• TASK:
Leaving out the pictures, please retype each record exactly.

• INPUT:
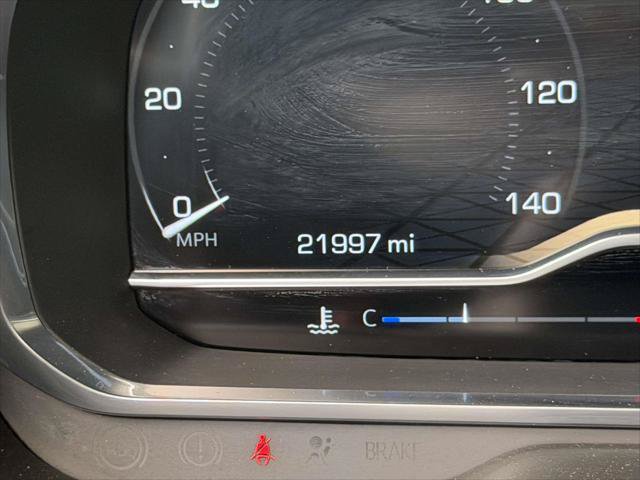 Used 2023 GMC Yukon XL SLE AWD/4WD image 28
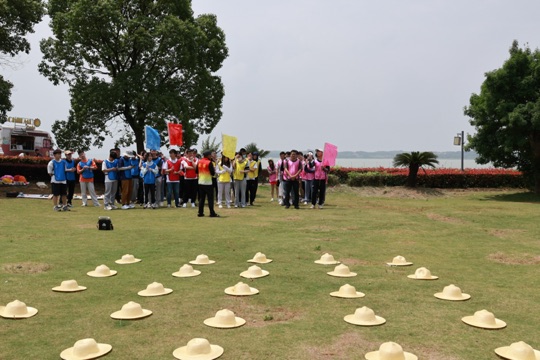 草坪上草帽阵列加多彩马甲团队列队——大型分组活动现场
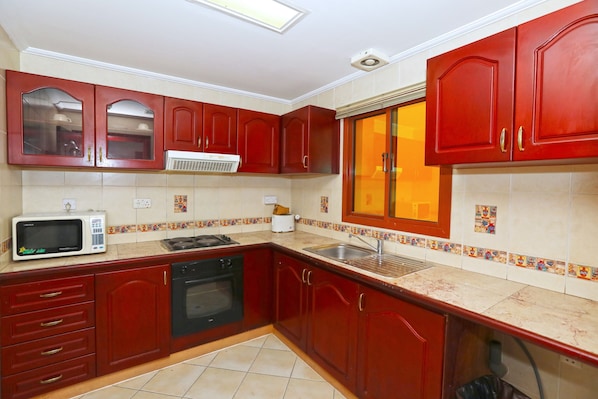 Apartment, 2 Bedrooms | Private kitchenette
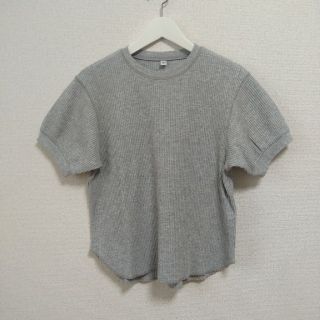 ユニクロ(UNIQLO)の花★プロフ必読★様専用　UNIQLO　ワッフルクルーネックT（五分袖）グレー(カットソー(半袖/袖なし))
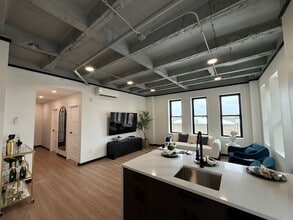 28 N Saginaw St in Pontiac, MI - Building Photo - Building Photo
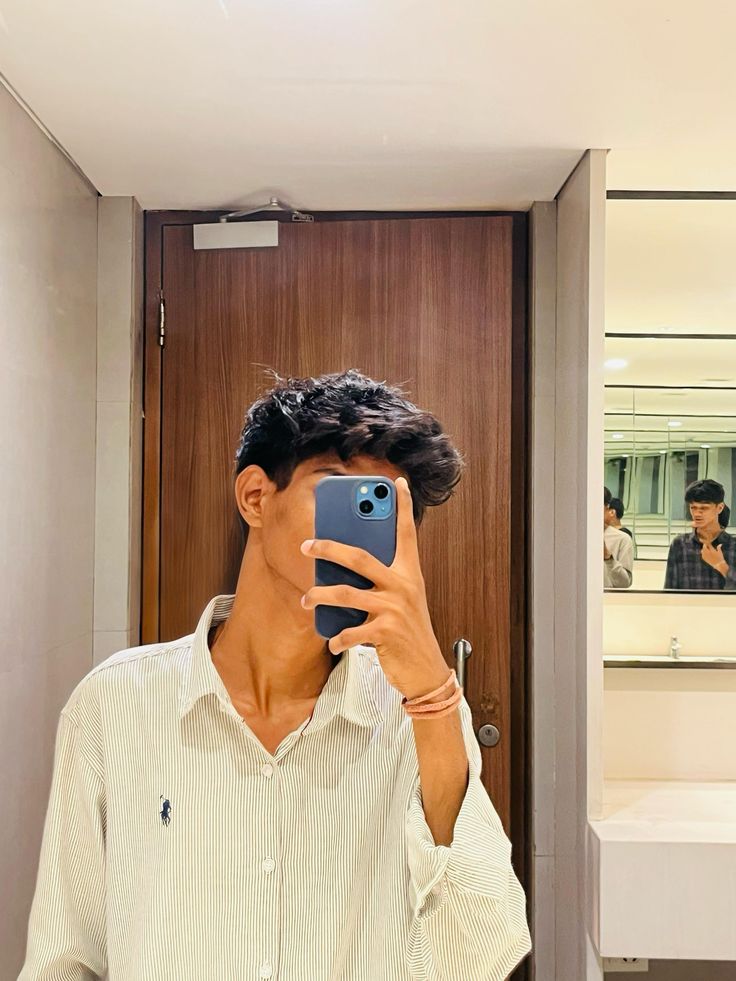 Hidden face dp for boys mirror selfie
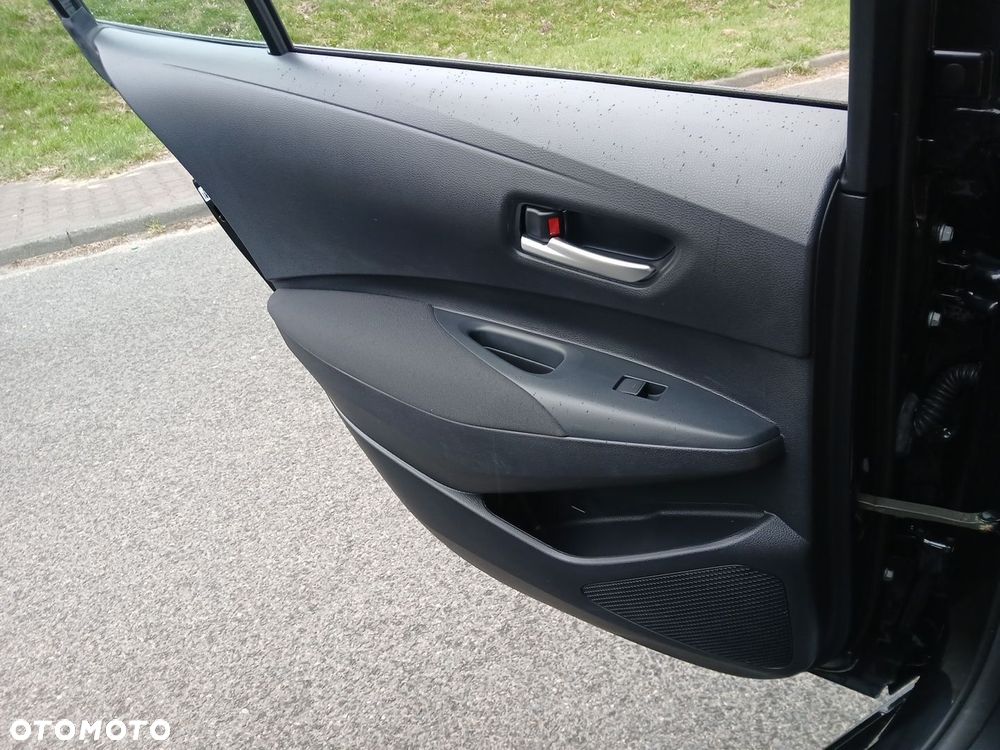 Toyota Corolla 1.8 Hybrid Comfort - 41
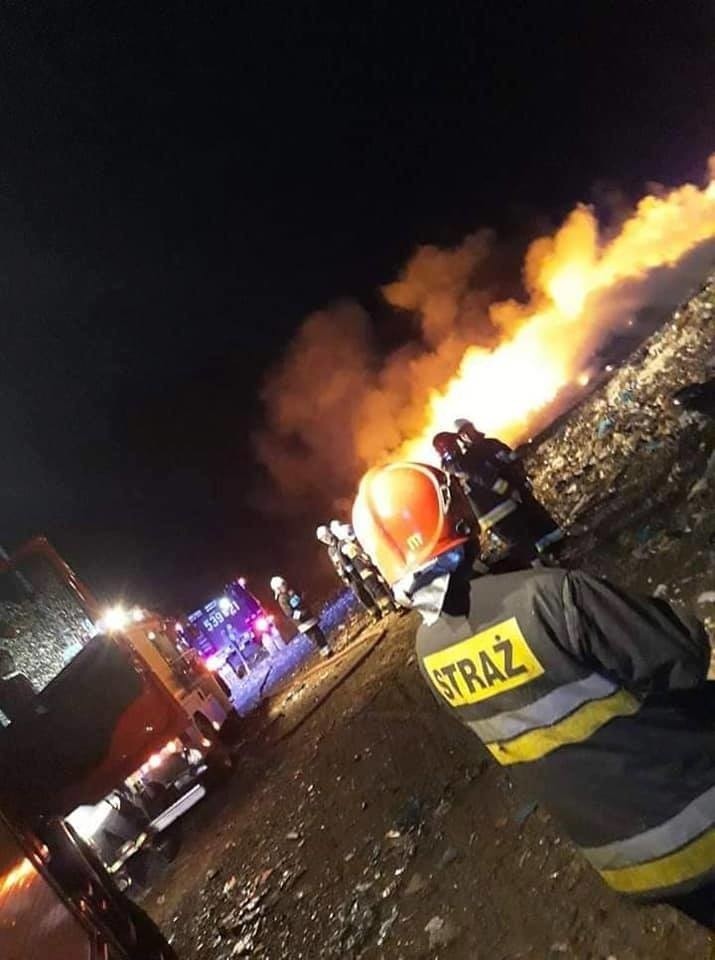 Duży pożar pod Stargardem. Strażacy całą noc gasili wysypisko śmieci w Łęczycy [ZDJĘCIA]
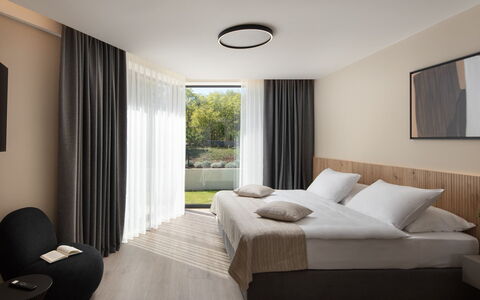 Villa H2: Interior Design, Floor, Flooring, Bedroom, Ceiling, Bed, Room, Home, Furniture, Apartment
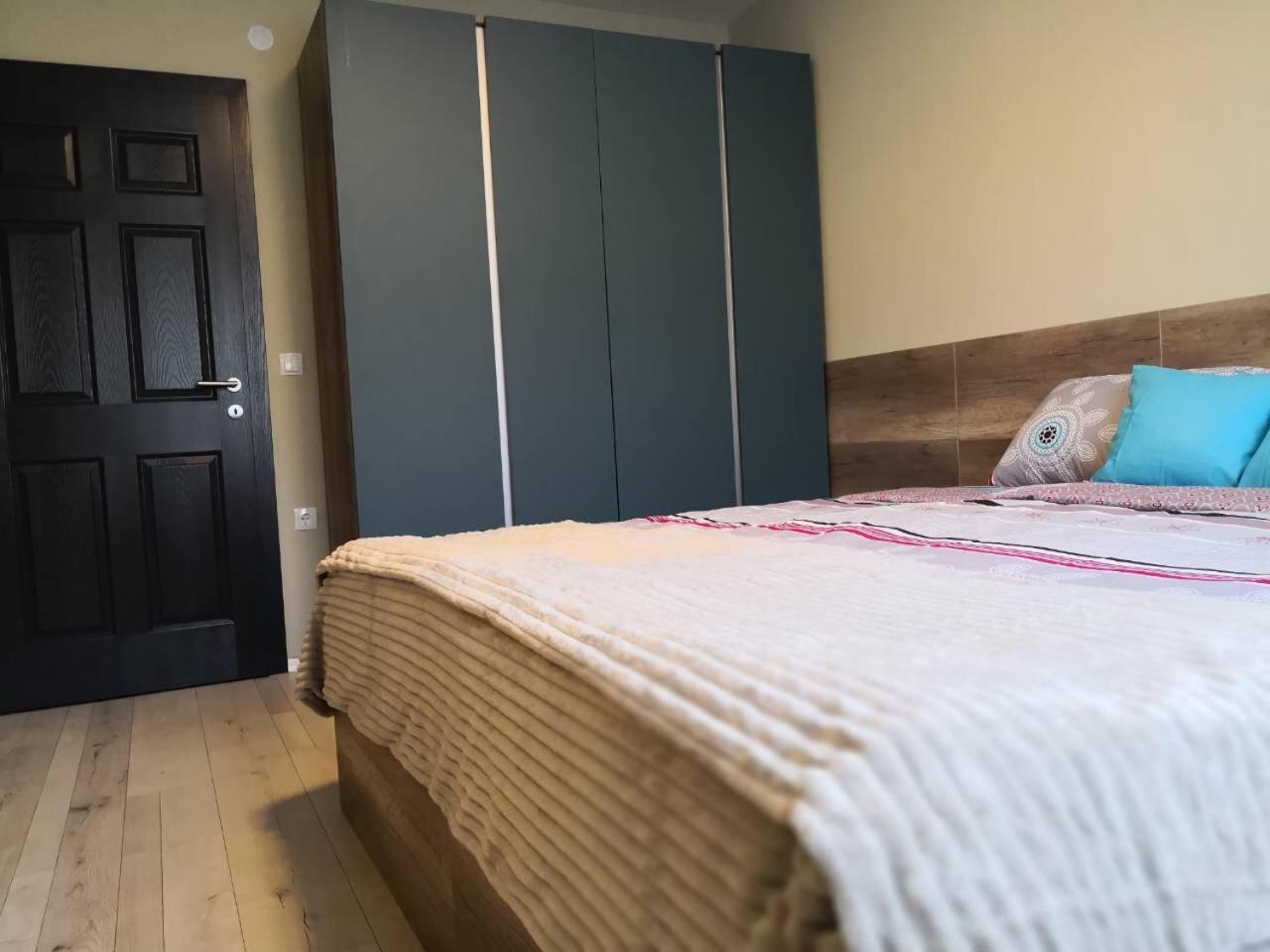 Mihajlovik Lux Apartment In Heart Of Skopje Esterno foto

• RESULT BELOW:
 Used 2023 GMC Yukon XL SLE AWD/4WD image 28
 草坪上草帽阵列加多彩马甲团队列队——大型分组活动现场
 Apartment, 2 Bedrooms | Private kitchenette
 ユニクロ(UNIQLO)の花★プロフ必読★様専用　UNIQLO　ワッフルクルーネックT（五分袖）グレー(カットソー(半袖/袖なし))
 28 N Saginaw St in Pontiac, MI - Building Photo - Building Photo
 Hidden face dp for boys mirror selfie
 Toyota Corolla 1.8 Hybrid Comfort - 41
 Duży pożar pod Stargardem. Strażacy całą noc gasili wysypisko śmieci w Łęczycy [ZDJĘCIA]
 Villa H2: Interior Design, Floor, Flooring, Bedroom, Ceiling, Bed, Room, Home, Furniture, Apartment
 Mihajlovik Lux Apartment In Heart Of Skopje Esterno foto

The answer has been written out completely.